Speeders
Railroad Workhorses Rescued from Oblivion
By Bill Phoenix
One thing people quickly learn about me is that I have “railroad blood.” My fascination with trains has been lifelong. When I was a toddler, my father Chilton Phoenix, a World War II vet, was studying law at Stanford University.
One day I wandered away from the student housing where my folks were living. Soon after, the search party my mother organized found me a few blocks away, in diapers, with my little red wagon, waving to a commuter train. Dad had once taken me there to see trains and wave at the engineer, so I knew the way.

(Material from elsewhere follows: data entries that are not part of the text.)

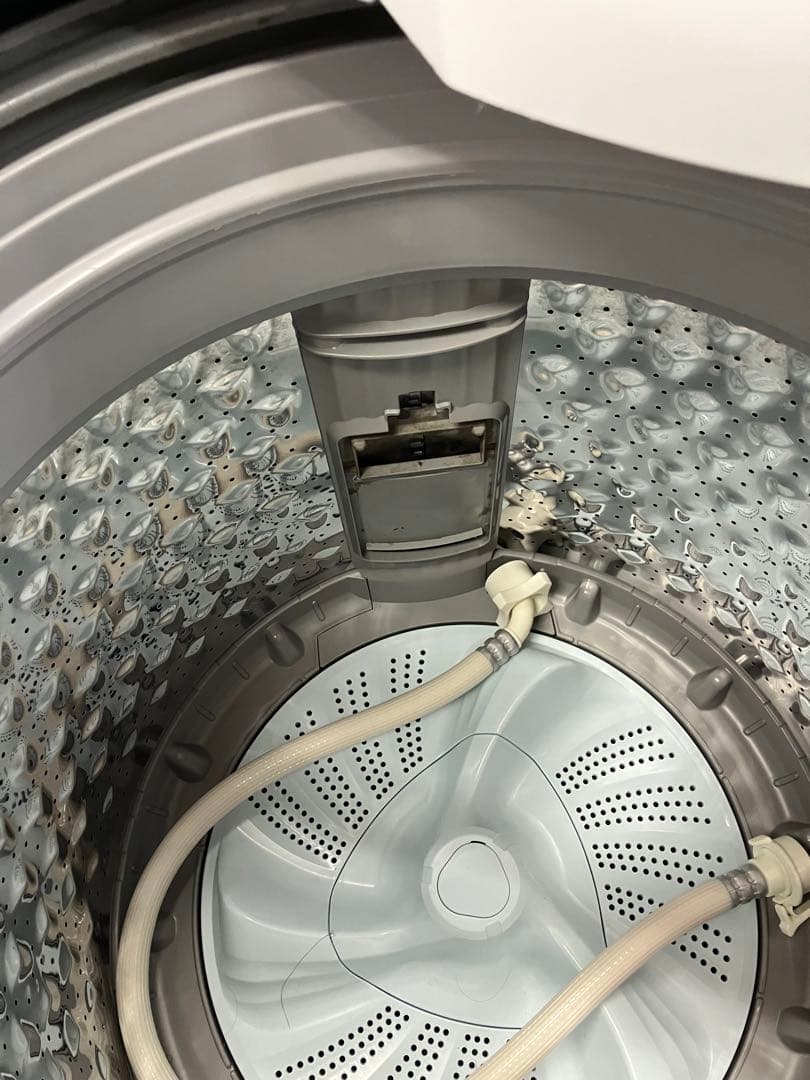 ホワイト縦型洗濯機本体　ニトリ2024年製　6.0kg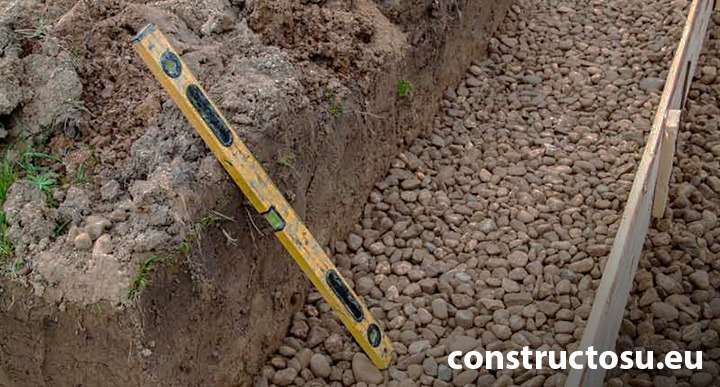 Turnarea fundației - aducerea cofragului de beton la același nivel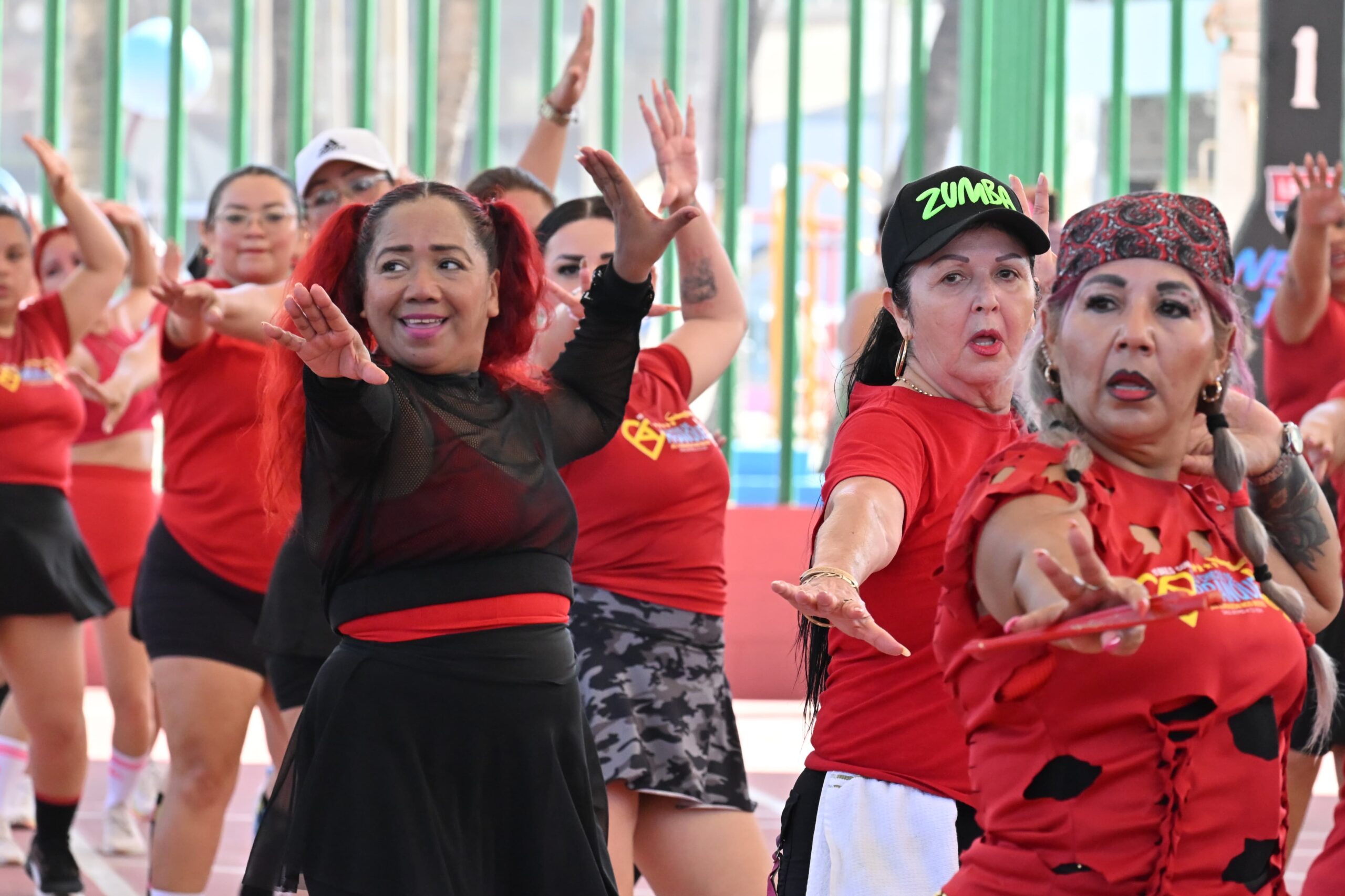 Se unen los instructores de danza fitness afiliados al organismo para ofrecer una Master Class llena de diversión y buena vibra
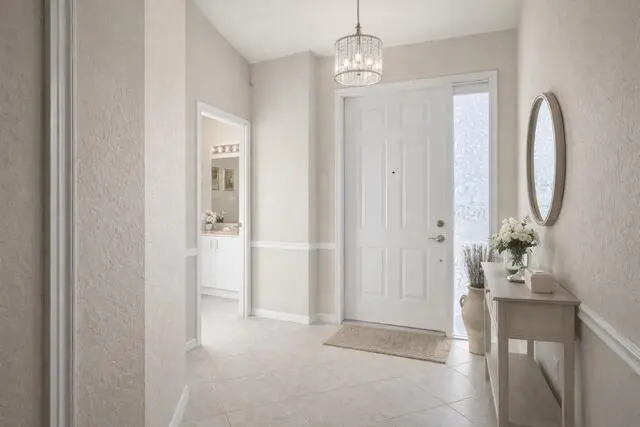 Floral Lakes entrance at 6239 Caladium Road, Delray Beach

Dad became a lawyer for the Union Pacific and our family moved to Pocatello, a perfect place to grow up, because the railroad had a huge presence there. When it came time to choose a career, I went for engineering—but not trains. I started as a health physicist in the 1960s at Idaho National Laboratory’s Advanced Test Reactor. Today I still work for the lab part-time, as a nuclear engineer at the Transient Reactor Test (TREAT) Facility. I tried retirement more than once but didn’t like it.
Still, I count myself as extremely lucky to have discovered a hobby late in life that satisfies the “railroad boy” in me. In 2012 my wife Kathie and I discovered “speeders,” and since then we’ve become part of a very specialized group of people.